# Umbau Anlage mit CP342-5



## lefrog (12 Mai 2007)

Hallo!

Ich komme gerade von der Arbeit nach Hause. Dort habe ich heute eine Anlage umbauen sollen. Zu dem bestehenden Ausbau (S7-314, CP342-5 mit 2x OP7 und einem 2-Achs-Regler 611U) sollten noch zwei Regler von Stöber dazu. 
Ich muss gestehen dass ich noch nie eine Anlage mit CP hatte, so dass ich ganz auf mich allein gestellt und ohne Internet nicht wirklich weit gekommen bin - ich habe auf die schnelle einfach die S7-314 gegen eine S7-315-2DP getauscht und ein zweites Profibusnetz aufgebaut, um zumindest erstmal die Regler ans laufen zu kriegen. 
Ich habe schon herausgefunden, dass die Daten mit SFC1 und 2 zwischen der CPU und dem CP hin und hergeschaufelt werden - aber woher weiß der CP welche Daten dann an welchen Slave? Muss man das separat projektieren? Womit?
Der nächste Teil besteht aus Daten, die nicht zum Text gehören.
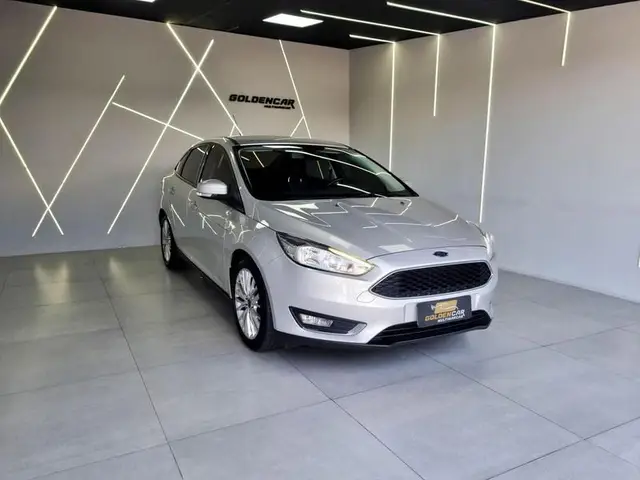 Carro Ford Focus Sedan 2017 Titanium 2.0 PowerShift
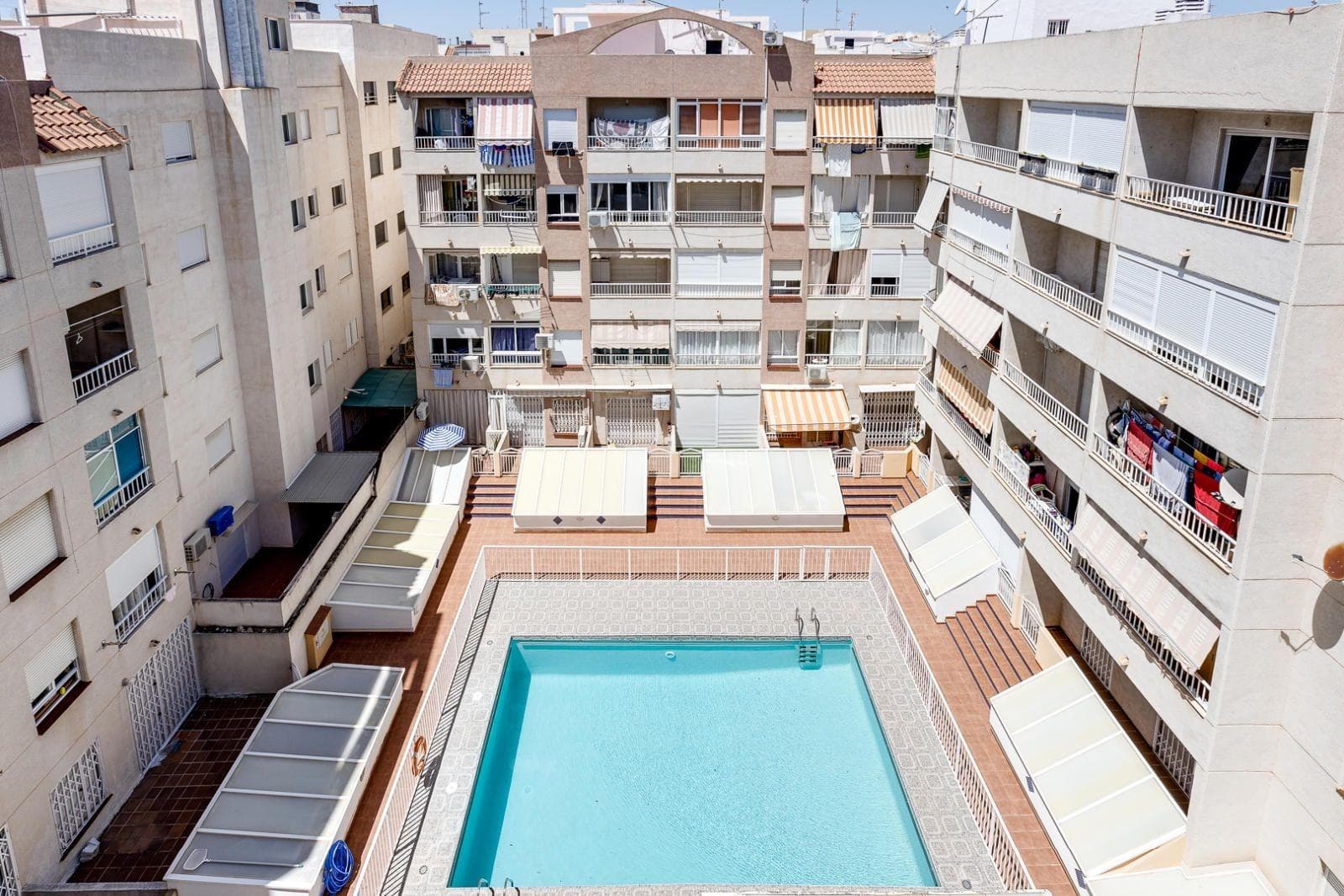 Bedrooms: 2, Bathrooms: 1, Apartment in Torrevieja, Alicante, Spain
Ich danke euch für eure Unterstützung und wünsche ein erholsames Wochenende!

Viele Grüße, Tobias


----------



## lorenz2512 (12 Mai 2007)

hallo,
 da ist in den lernmodulen einiges mit dabei, kann man kaum besser erklaeren:http://www.automation.siemens.com/fea/html_00/down_module.htm


----------



## lefrog (13 Mai 2007)

Hallo!

Danke Dir für den Tipp - ich habe dort eben ein paar Unterlagen durchgeschaut. 
Ich habe mal einen Anhang des jetzigen Ist-Zustandes gemacht. Ich weiß nicht ob es sinnvoll ist, zwei Profibusnetze in der Anlage laufen zu lassen, ich habe das gestern nur als Notlösung gemacht. 
Ich übergebe im OB1 nun so

     CALL  "FC-Send-DP"                //DP_SEND
       CPLADDR:=W#16#170                //170
       SEND   :=P#DB11.DBX 0.0 BYTE 44
       DONE   :="Daten gesendet"
       ERROR  :="Fehler daten Senden"
       STATUS :="Status Daten Senden"

      CALL  "FC-Emfang-DP"              //DP_RECV
       CPLADDR :=W#16#170               //170
       RECV    :=P#DB10.DBX 0.0 BYTE 44
       NDR     :="Daten Empfangen"
       ERROR   :="Fehler Daten Empfang"
       STATUS  :="Status Daten Empfang"
       DPSTATUS:="Status Profi Bus"

die Daten an den CP. Das "linke" Bediengerät hat die E/A Adresse 0-1, das "rechte" 42-43. Gebe ich nun den beiden Reglern einfach E/A Adressen 44-55 und 56 bis 67 und ändere dann die Länge der Pointer von 44 auf 68 Byte? 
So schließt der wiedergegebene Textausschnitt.